**WORK TASK**
Within the records below, find the line with "Pignon 17 Dents" and the line with "Compressor de ar 200L", then reproduce exactly those two lines and all lines between them, without any picture.

**MATERIAL SUPPLIED**

☆ ☆ ☆ ☆ ☆ ☆ ☆

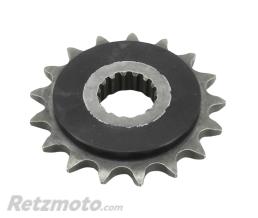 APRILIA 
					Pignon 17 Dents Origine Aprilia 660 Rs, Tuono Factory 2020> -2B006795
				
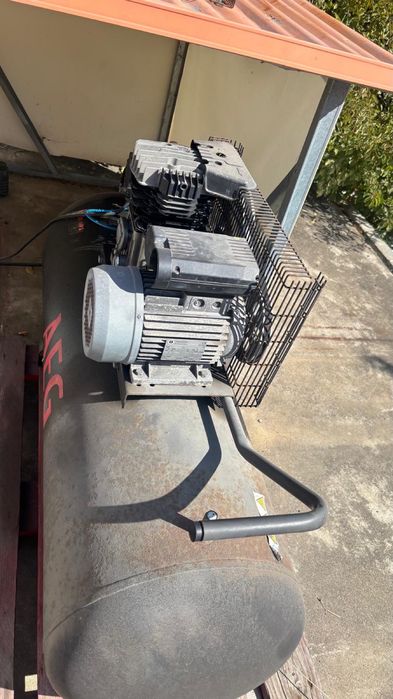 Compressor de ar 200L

☆ ☆ ☆ ☆ ☆ ☆ ☆

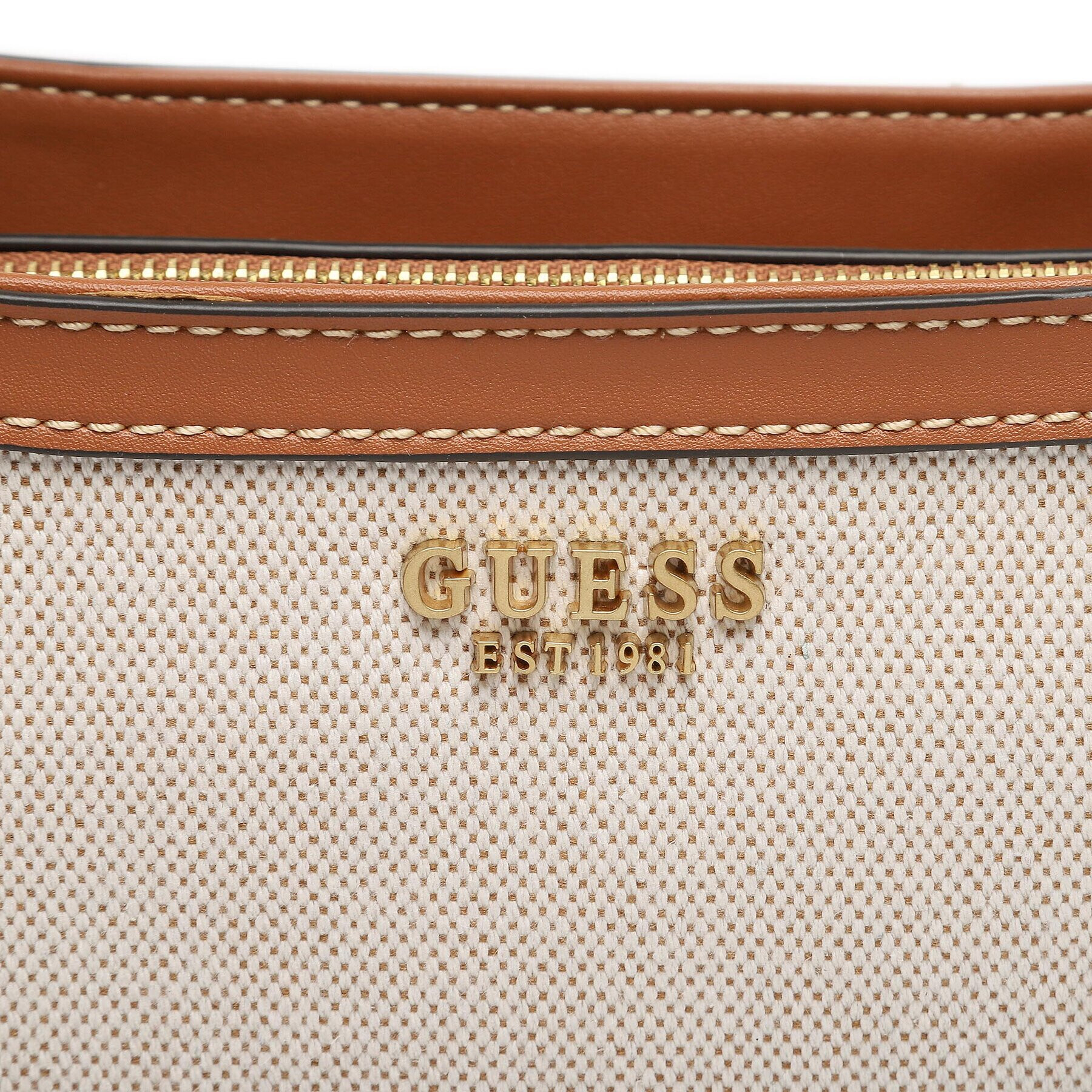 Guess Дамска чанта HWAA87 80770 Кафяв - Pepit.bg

☆ ☆ ☆ ☆ ☆ ☆ ☆

**SOLUTION TO THIS TASK**
					Pignon 17 Dents Origine Aprilia 660 Rs, Tuono Factory 2020> -2B006795
				
 Compressor de ar 200L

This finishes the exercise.